The biggest eye-opener, however, was Councillor Gloria Lindsay Luby. A fellow Etobicokian and self-proclaimed right of centre suburban politician, she openly stood up and questioned the mayor about the entire process they were being asked to undertake. “Flying blind”, she called it, having to make consequential choices without any numbers in front of them, sounding almost Perksian at times. She didn’t wilt under the withering but ineffectual show me the money line of questioning from the budget chief. When it came time to push through the items she had introduced, Councillor Lindsay Luby gleefully flashed a thumbs up, sitting right next to Team Ford QB-clown, Giorgio Mammoliti and his downturned thumb of mayoral disapproval.

That said, Mayor Ford suffered no devastating setbacks during the two day meeting. There was no knockout blow, as the pundits like to say. Yes, the cuts he was hoping to inflict in the process fell woefully short of the intended mark. The $28 million or so he did get doesn’t even rate as a drop in the bucket. And in my darker moments, I might view the fact the Voluntary Separation Program – a “coerced” retirement offering to city staff as Councillor Gord Perks suggested in an unfriendly environment with a threatened 10% across the board reduction to all departments hanging in the air — moved on relatively unscathed gave the mayor a jump on the budget process, initiating cuts by stealth under the guise of attrition rather than layoffs or firings.

Still, as the mayor insisted somewhat disingenuously to quell fears of the slashing and burning taking place no decisions were being made at this point. It was all about reviews and studies. In other words, he remained in place, knocking down the easy to reach, low flying fruit. But now, Team Ford was bleeding support and the tough choices remain to be made.

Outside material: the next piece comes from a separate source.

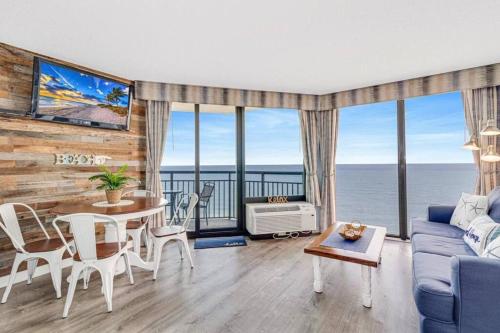 a living room with a blue couch and a table at Lux High-End Haven Oceanfront Suite! Dogs OK! 1606 in Myrtle Beach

Not only were stalwarts like Councillor Lindsay Luby drifting, so were Executive Committee members Councillors Berardinetti and Robinson. The mushy middle stopped being cowed. As Adam Chaleff-Freudenthaler pointed out to me, even more worrisome for Mayor Ford, the already soft but principled conservative Chin Lee representing heavy, heavy Ford friendly Ward 41 in Scarborough quietly but decisively voted against the mayor on a surprisingly large number of items over the last couple days.

Support jumping overboard even before the ship hits really choppy waters. An already tenuous majority grown skittish. A summer of discontent turned to an autumn of disregard. All the ingredients for a disastrous budget process and a severe blow to the tattered mandate flag Mayor Ford keeps trying to hold high.